(Provided data):
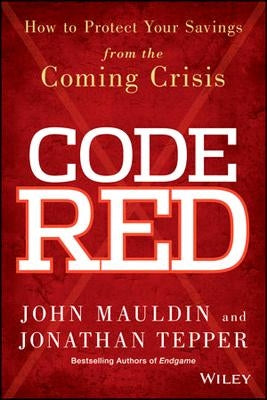 Code Red: How to Protect Your Savings from the Coming Crisis by Mauldin, John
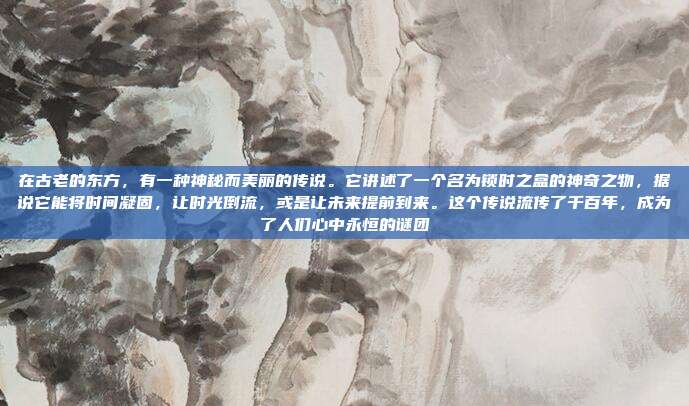 在古老的东方,有一种神秘而美丽的传说。它讲述了一个名为锁时之盒的神奇之物,据说它能将时间凝固,让时光倒流,或是让未来提前到来。这个传说流传了千百年,成为了人们心中永恒的谜团
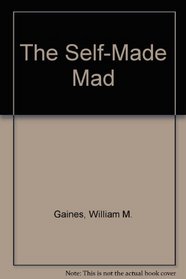 The Self-Made Mad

(Task statement): Pictures aside, return all of the material exactly as written.

(Answer to the problem):
 Code Red: How to Protect Your Savings from the Coming Crisis by Mauldin, John
 在古老的东方,有一种神秘而美丽的传说。它讲述了一个名为锁时之盒的神奇之物,据说它能将时间凝固,让时光倒流,或是让未来提前到来。这个传说流传了千百年,成为了人们心中永恒的谜团
 The Self-Made Mad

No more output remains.